Could you output the listing that follows exactly, without its images?

*** Opening of Source material ***

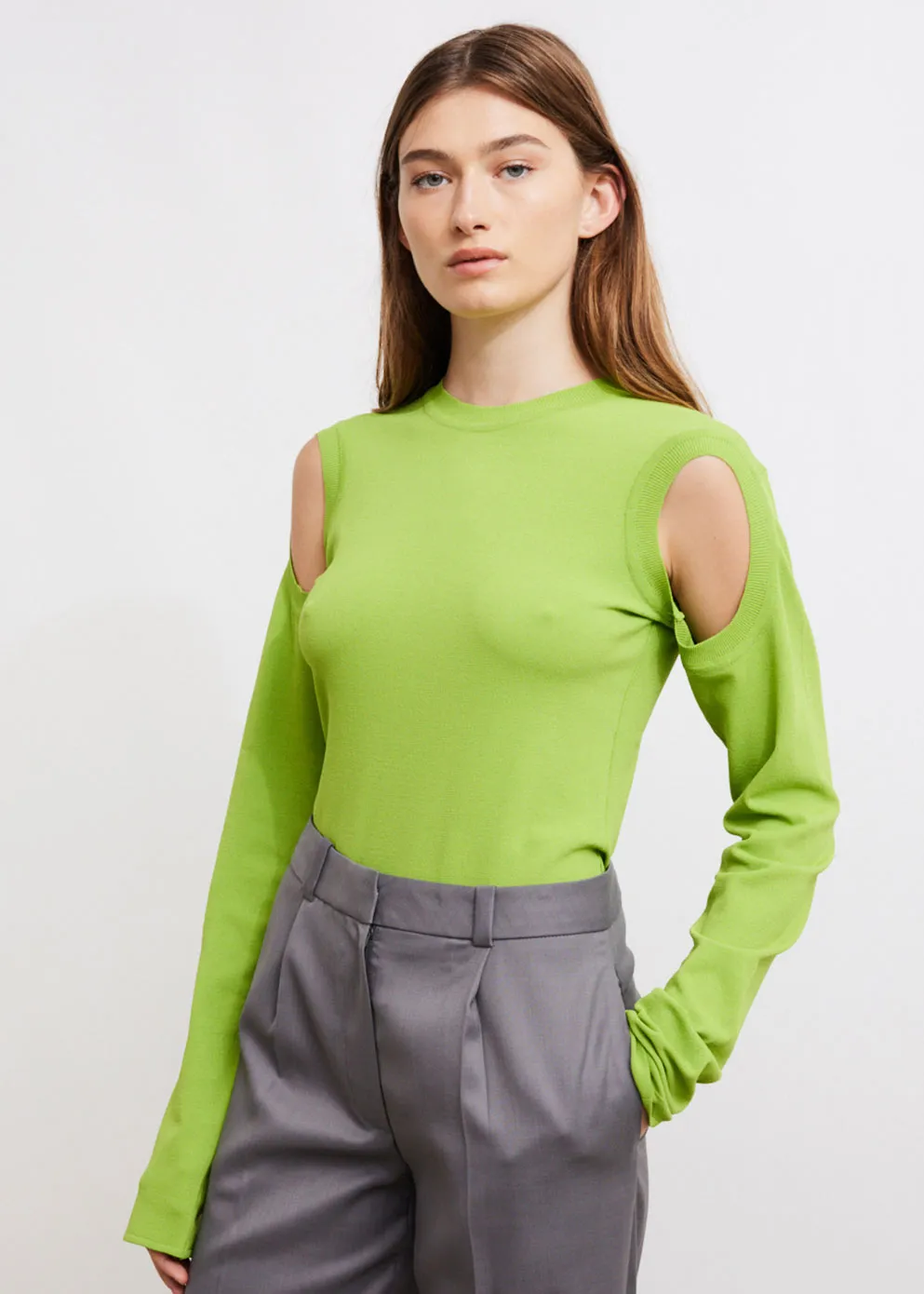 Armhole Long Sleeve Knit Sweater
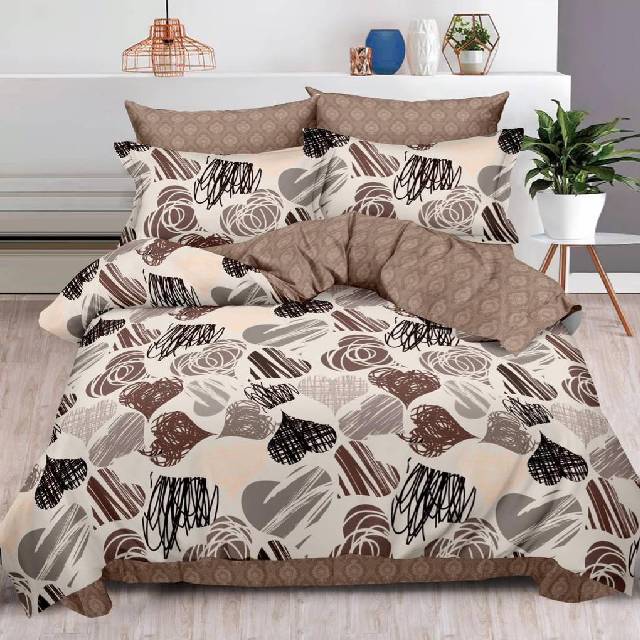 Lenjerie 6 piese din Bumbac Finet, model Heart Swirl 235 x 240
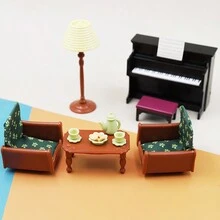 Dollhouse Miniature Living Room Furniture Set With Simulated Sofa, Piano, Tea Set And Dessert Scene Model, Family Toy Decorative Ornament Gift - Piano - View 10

*** Close of Source material ***

● Task response
 Armhole Long Sleeve Knit Sweater
 Lenjerie 6 piese din Bumbac Finet, model Heart Swirl 235 x 240
 Dollhouse Miniature Living Room Furniture Set With Simulated Sofa, Piano, Tea Set And Dessert Scene Model, Family Toy Decorative Ornament Gift - Piano - View 10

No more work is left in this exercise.